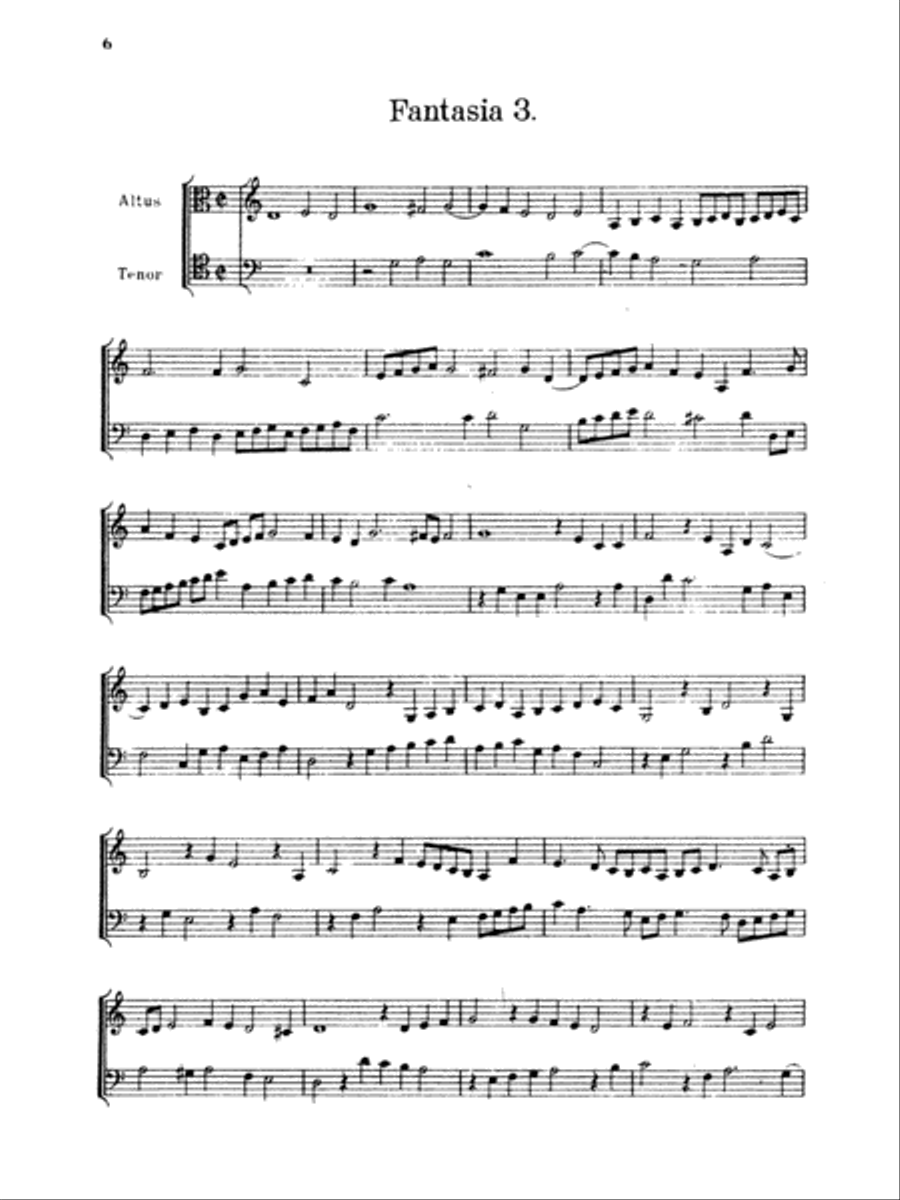 Lasso: Six Fantasies Part scores gallery preview page 1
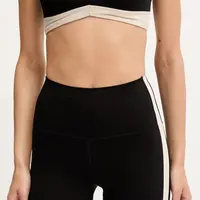 Tréninkové šortky P.E Nation Highgate 5 dámské, černá barva, high waist, 252S087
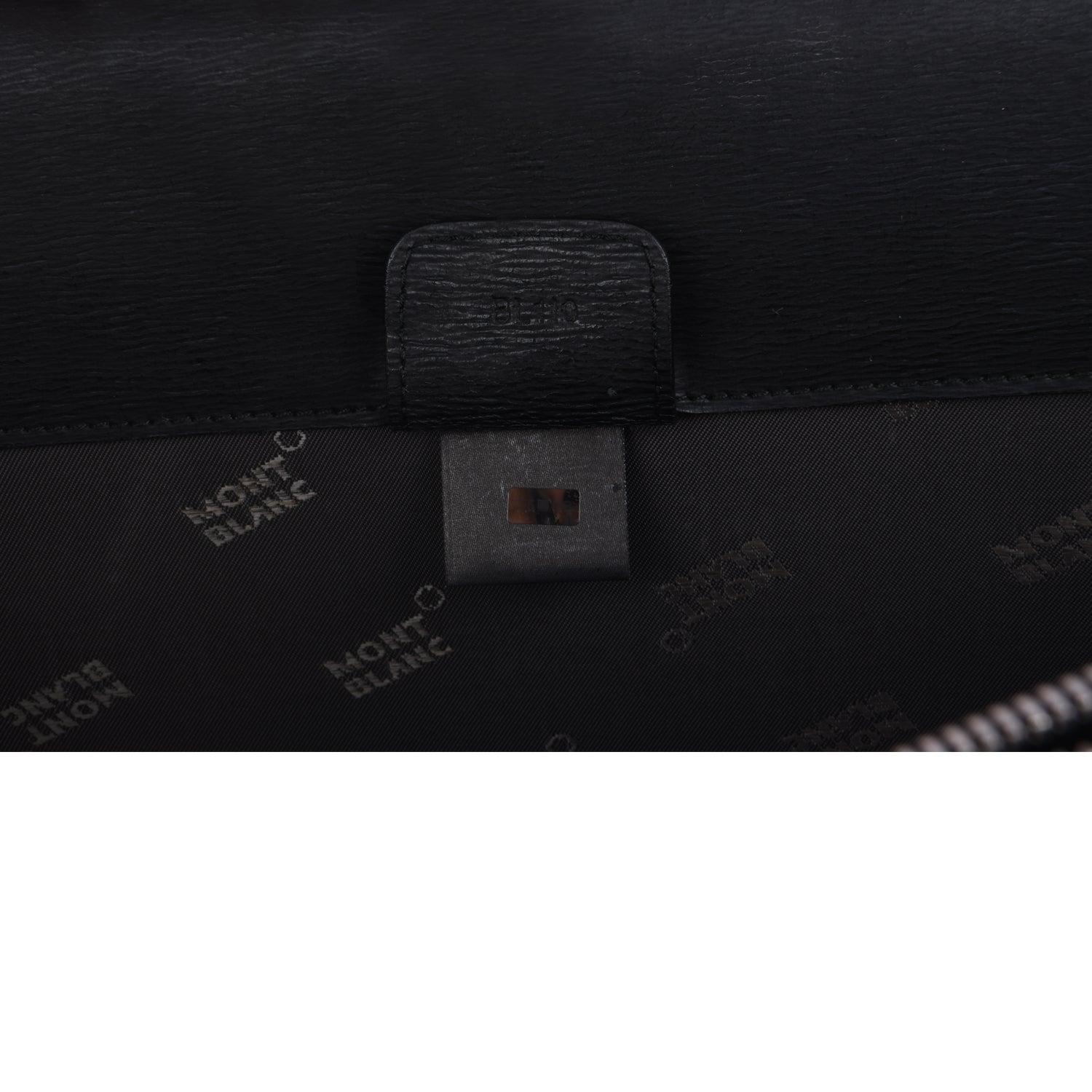 Black Meisterstuck Leather Briefcase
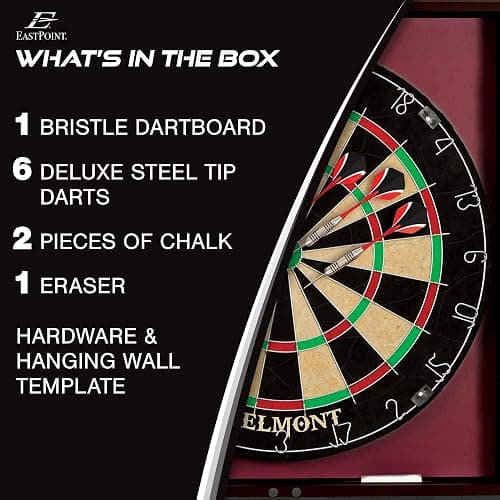 EastPoint Sports Belmont Bristle Dartboard and Cabinet Set thumbnail 2
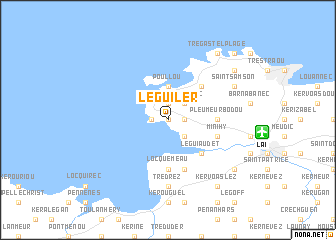 map of Le Guiler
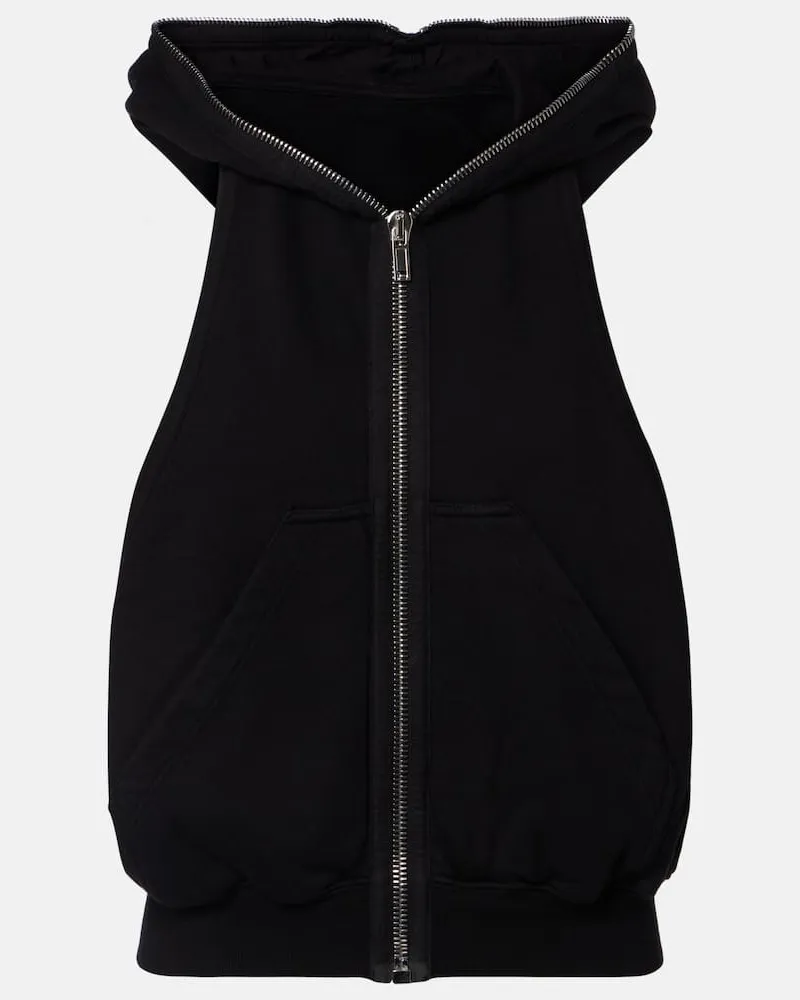 Rick Owens Weste aus Baumwoll-Jersey Schwarz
────
→ **Goal of the exercise**:
Repeat every record above exactly, but drop the pictures.

→ **Written solution**:
 Lasso: Six Fantasies Part scores gallery preview page 1
 Tréninkové šortky P.E Nation Highgate 5 dámské, černá barva, high waist, 252S087
 Black Meisterstuck Leather Briefcase
 EastPoint Sports Belmont Bristle Dartboard and Cabinet Set thumbnail 2
 map of Le Guiler
 Rick Owens Weste aus Baumwoll-Jersey Schwarz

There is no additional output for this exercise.